Following an overhaul in Mare Island Naval Shipyard GATO returned to the Southwest Pacific where she conducted three more war patrols in 1943 and 1944. On her seventh patrol GATO took a prisoner of war from a life raft off the Admiralty Islands. Two weeks later, after sinking the cargo ship TSUNESHIMA MARU, the GATO was subjected to a severe depth charging by several escort vessles. Following the depth charge attack, GATO surfaced and found an unexploded depth charge lodged in the rudder. With the help of the Japanese prisoner, the ship's Gunnery Officer dislodged the charge and lashed it to a rubber raft which was set adrift with a slow leak.


On February 5, 1944 USS Gato surfaced in Open Bay near the village of Maitanakunai, and dropped them at Finschafen. The group included: Gordon Manuel, Owen Giertsen, Carl Planck and Edward Czarnecki. A second group is also rescued consisting of William Townsend, David McClymont and Fred Hargesheimer


Gato's vigilance in patroling the north entrance to Bouganville Sound and her aggressive attacks during her Fourth through Eighth Patrols in the Solomons, Bismarck Sea, New Guinea and Truk areas earned for her a Presidential Unit Citation and the nickname "The Goalkeeper" from Admiral William F. Halsey, the area commander. During these patrols GATO was credited with destruction of 13 enemy ships totalling 69,400 tons. One of those vessels, the 3,781-ton OKINOYA MARU was destroyed during a daring daylight attack in which GATO used only her deck guns to sink the armed enemy vessel.


In May 1944 GATO was transferred to the Central Pacific Theater. Her ninth and tenth patrols were primarily reconnaisance and lifeguard missions in the vicinity first of Truk and later in the Bonin Islands. Upon completion of her tenth patrol GATO returned to Mare Island Shipyard for overhaul.


The last three war patrols of GATO were made in the Western Pacific during 1945. Departing from Pearl Harbor in January 1945, she conducted her eleventh patrol in the Yellow Sea sinking two ships including one destroyer escort. Her twelfth and thirteenth patrols were conducted off the coast of Japan as a lifeguard in support of air operations over those islands. During this duty ten U.S. Army avaitors were rescued from the waters of the Pacific. At the end of her thirteenth patrol GATO anchored in Tokyo Bay to witness the signing of the documents aboard USS MISSOURI which marked the end of World War II.

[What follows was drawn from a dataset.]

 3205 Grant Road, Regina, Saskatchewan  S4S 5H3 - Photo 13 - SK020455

Following the war, GATO served as a Naval Reserve Training Ship at New York, New York and Baltimore, Maryland. She was stricken from the lists, sold and broken up in 1961.

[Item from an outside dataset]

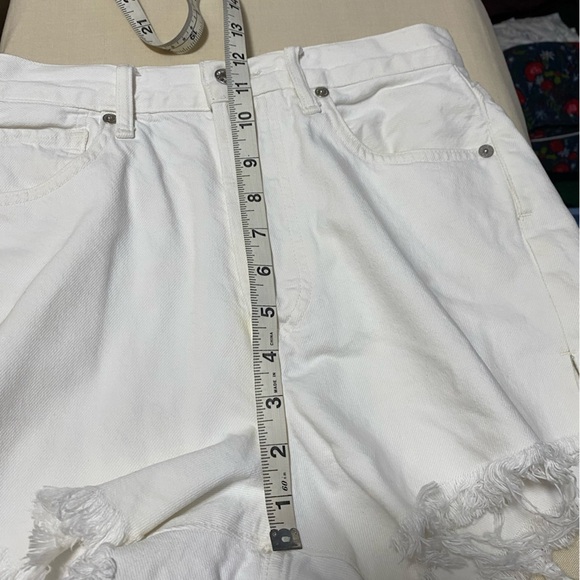 Citizens of Humanity Womans White Marlow Cut Off Shorts Size 24. Premium Vintage - Picture 8 of 9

GATO earned thirteen Battle Stars and five Presidential Unit Citations. She participated in the Midway Operations, the Capture and Defense of Guadalcanal, the Asiatic-Pacific Raids of 1944, the Marjanas Operation, the Western Caroline Islands Operation, the Iwo Jimo Operation, the Okinawa-Gunto Assault and Occupation, and the Third Fleet Operations Against Japan.